Good progress has been made towards achieving the milestones set out in the original application. Four clinical trials with reagents, developed in Southampton have completed recruitment: the anti-CD40 antibody study (18 patients), the DNA vaccine studies in lymphoma, prostate cancer (32 patients) and CEA expressing malignancies (30 patients). The final study reports on these latter studies will be published in 2010 and the data show that the vaccines are not only immunogenic but also appear to confer some clinical benefit. The laboratory evaluations of these studies are being or have been undertaken in Southampton and ECMC support for this has been critical.
As a result of these studies a new tranche of trials are in development: a randomized phase II DNA vaccine study in CML is due to open recruitment in the 1st half of 2010. The data from our current DNA vaccine studies in prostate and CEA expressing cancers also have led to a new collaboration with Oxford (Hatton, Banham, Pulford) to develop and clinically test a DNA fusion vaccine against two immunogenic epitopes from a novel tumour target,PASD1, for which the Oxford and Southampton teams have preclinically shown immunogenicity in mouse and human systems. A combination of a vaccine with anti-CD40 is in the protocol development stage.

Southampton will lead a multicentre investigator phase II study will examine the effect (clinical and immunological) of the addition of an immunostimulatory antibody directed against CTLA-4 (Ipilimumab, Bristol Meyer Squibb) to standard chemotherapy. Academically the careful examination of immunological consequences of this concept will be at the heart of the study; recruitment of the 1st patient is expected in the 1st half of 2010.Southampton is the lead centre for a novel anti-CD19 antibody (Merck) is being developed for testing in B-Cell lymphoma. This investigator led, DDO sponsored study is expected to open during 2011.

Our collaborative RIT programmes in haematological malignancies (anti-CD66) and B-cell tumours (anti-CD20 CD22 and CD25 in lymphomas) continue to thrive, with three national phase II studies open. A DDO sponsored study of antiCD25 I131 in relapsed Hodgkin’s disease is currently in set up in partnership with UCLH (lead) and Manchester.

A number of early phase trials with industry (e.g. CMC544, anti CCL2, anti-IL6, anti CD4, ofatumumab, non-fucosylated antiCD20, panobinostat, Depsipeptide and lenalidamide) have completed recruitment or are actively recruiting and these collaborations have significantly expanded our portfolio of early translational studies beyond the scope anticipated in our application. Of note these studies recruit(ed) patients with lymphoma and a broad range of solid tumours, resulting in a desired broadening of cancer types targeted.

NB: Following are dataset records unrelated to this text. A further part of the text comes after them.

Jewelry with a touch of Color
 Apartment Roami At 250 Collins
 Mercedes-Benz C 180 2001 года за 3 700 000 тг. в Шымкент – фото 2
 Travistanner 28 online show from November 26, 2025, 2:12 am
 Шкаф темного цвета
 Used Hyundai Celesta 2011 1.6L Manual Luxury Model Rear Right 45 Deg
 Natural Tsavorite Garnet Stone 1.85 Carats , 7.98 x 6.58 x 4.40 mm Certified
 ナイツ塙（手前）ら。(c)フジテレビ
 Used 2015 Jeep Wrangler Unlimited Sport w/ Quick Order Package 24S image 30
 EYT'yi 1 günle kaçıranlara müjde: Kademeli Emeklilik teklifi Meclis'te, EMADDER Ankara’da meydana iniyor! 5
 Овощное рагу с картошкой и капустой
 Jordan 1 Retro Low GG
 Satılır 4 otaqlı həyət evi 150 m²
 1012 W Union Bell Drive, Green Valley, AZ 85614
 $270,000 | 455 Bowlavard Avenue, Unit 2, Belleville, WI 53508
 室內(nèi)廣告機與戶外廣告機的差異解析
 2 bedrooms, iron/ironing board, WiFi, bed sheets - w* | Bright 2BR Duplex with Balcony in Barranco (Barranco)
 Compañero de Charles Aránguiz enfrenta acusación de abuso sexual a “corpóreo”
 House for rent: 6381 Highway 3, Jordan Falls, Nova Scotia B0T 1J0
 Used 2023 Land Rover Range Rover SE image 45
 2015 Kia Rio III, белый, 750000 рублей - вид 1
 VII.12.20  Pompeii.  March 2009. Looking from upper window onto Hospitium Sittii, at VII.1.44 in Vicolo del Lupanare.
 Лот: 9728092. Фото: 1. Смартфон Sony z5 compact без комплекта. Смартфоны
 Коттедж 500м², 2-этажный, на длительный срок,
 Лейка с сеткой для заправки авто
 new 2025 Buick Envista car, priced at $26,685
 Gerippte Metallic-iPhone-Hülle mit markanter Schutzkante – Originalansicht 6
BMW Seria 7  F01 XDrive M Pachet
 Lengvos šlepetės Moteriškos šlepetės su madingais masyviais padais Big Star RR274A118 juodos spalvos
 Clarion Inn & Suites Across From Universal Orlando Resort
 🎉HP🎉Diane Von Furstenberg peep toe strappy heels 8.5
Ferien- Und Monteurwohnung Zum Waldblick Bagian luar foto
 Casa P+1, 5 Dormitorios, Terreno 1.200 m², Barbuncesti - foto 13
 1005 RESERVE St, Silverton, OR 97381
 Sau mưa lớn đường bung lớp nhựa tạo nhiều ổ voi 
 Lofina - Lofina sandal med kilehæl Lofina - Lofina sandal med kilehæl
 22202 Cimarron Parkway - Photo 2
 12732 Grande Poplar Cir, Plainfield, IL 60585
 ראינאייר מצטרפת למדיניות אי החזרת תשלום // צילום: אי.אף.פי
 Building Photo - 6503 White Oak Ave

We have completed participation in and continue to recruit to a broad portfolio of phase I/II studies of small molecules, such as tyrosine kinase inhibitors, in mainly industry sponsored research and solid tumours and lymphomas

• The anti-CEA DNA vaccination has almost completed follow up with 2 patients due their last visit in 03.10. The interim data analysis suggests that time to disease progression is longer in immune responders and patients who have developed signs of gastrointestinal adverse events.
• The anti-CD40 has completed recruitment at the top level of dose escalation (160mg/dose) and as a result of the excellent safety profile we are developing the next trial, to combine the anti-CD40 antibody with a DNA vaccine.
• The collaborative RIT programme with Manchester, UCL and is recruiting rapidly in phase II studies with an expanding trials in lymphoma and myeloma, targeting CD22, CD19, CD25 and CD66 resulting in the largest European RIT portfolio. New preclinical data (Ivanov et al, J Clin Invest. 2009;119:2143-59) is expected to feed into early clinical testing in the foreseeable future.
• Our multicentre randomized phase II DNA vaccination study in haematological malignancies (CML) has obtained LRF funding and is now adopted onto the NCRI trials portfolio. Expected data for first patient on study is April 2010.
• The study of an anti CD22 directed immunotoxin (CMC-544) has completed with highly encouraging results in patients with follicular lymphoma and diffuse large cell lymphomas, reported at ASH 2009. Southampton was the lead UK centre.A novel anti-CD19 antibody is being worked up for clinical testing in late 2010 under the auspices of the DDO.
• We have reported new data on the biology of CNS lymphomas, which identify circulating tumour in blood and bone marrow and shed new light on the biology of this disease (McCann et al, Blood. 2009;113(19):4677-80).